Restate the records below exactly. Pictures are not part of the copy.

__________________________________________________

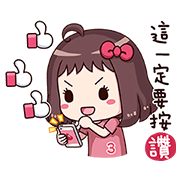 S3 Beauty Store × Red Bean's Hot Talking S3 Beauty Store × Red Bean's Hot Talking Sticker for LINE & WhatsApp | ZIP: GIF & PNG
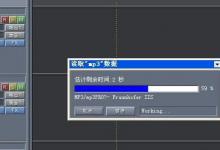 Cool Edit该怎样消除人声？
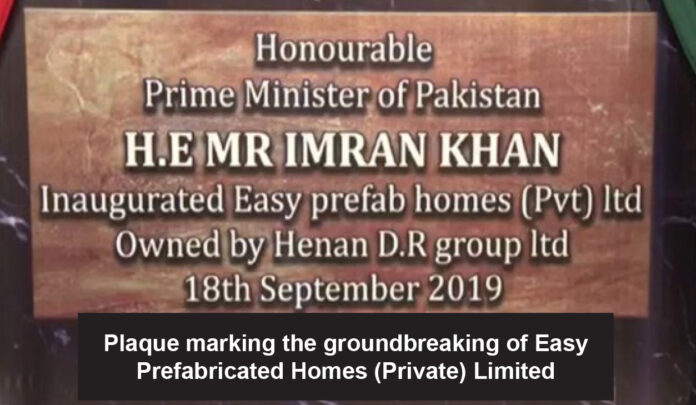 Henan D.R. brings a new hope to the Naya Pakistan Housing Project
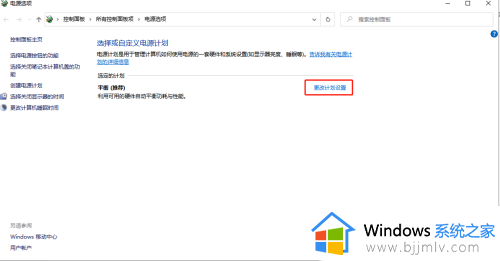 win10锁屏后无法唤醒怎么开启_win10电脑锁屏后无法唤醒处理方法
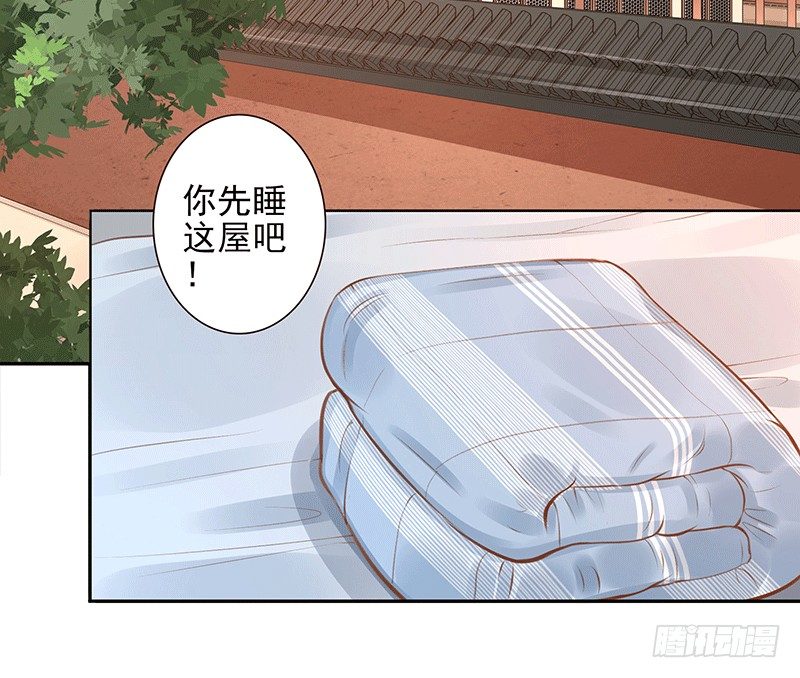 女神在上知乎漫画,第7话：我叫风来1图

__________________________________________________

» TASK ANSWER
 S3 Beauty Store × Red Bean's Hot Talking S3 Beauty Store × Red Bean's Hot Talking Sticker for LINE & WhatsApp | ZIP: GIF & PNG
 Cool Edit该怎样消除人声？
 Henan D.R. brings a new hope to the Naya Pakistan Housing Project
 win10锁屏后无法唤醒怎么开启_win10电脑锁屏后无法唤醒处理方法
 女神在上知乎漫画,第7话：我叫风来1图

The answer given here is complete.